Там, на месте царском, где мрамор багрян, видели ночью: молилась Богородица. Там, в заалтарном притворе, где гроба Господня доска, и посох железен, и крестные свердлы и пилы, там у камня — на нем сидел Христос, говоря с Самарянкой, — слышали голос: «Дай мне воды пити!»

И я, пришедший с моею любимою чадью от святого Мамы, витания русских, я видел у великого алтаря на серебряном амвоне Романа: пел сладкопевец величальные песни, славил Всепетую, Всенепорочную, Всеблаженную, Деву Обрадованную, Матерь Света.

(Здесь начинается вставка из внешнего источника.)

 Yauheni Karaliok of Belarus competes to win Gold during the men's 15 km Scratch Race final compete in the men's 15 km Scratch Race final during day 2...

И дух святой наполнил нам душу и сердце, и мы не знали, на небе мы, ли на земле.

Слава Премудрости!

Слава создавой дом свой!

1915 г.

ИМЯ И СТРАЖ{*}

Вдохнул Бог в ум царю Иустиниану создать святую церковь.

И от Адама не было такой создано церкви и нет на земле такого вида и красоты такой — святая Божия великая церковь, святая София Премудрость.

По числу дней года триста и шестьдесят пять приделов и на каждый день празднику служба, три тысячи попов служило в великой церкви и круглый год, как на цветной пасхальной неделе, видимо всем и открыто, иконостаса не заводили и колоколов не знали, — в колокол испокон звонят латыни, — а держали в великой церкви по ангелову учению било: к службе в било и клепали.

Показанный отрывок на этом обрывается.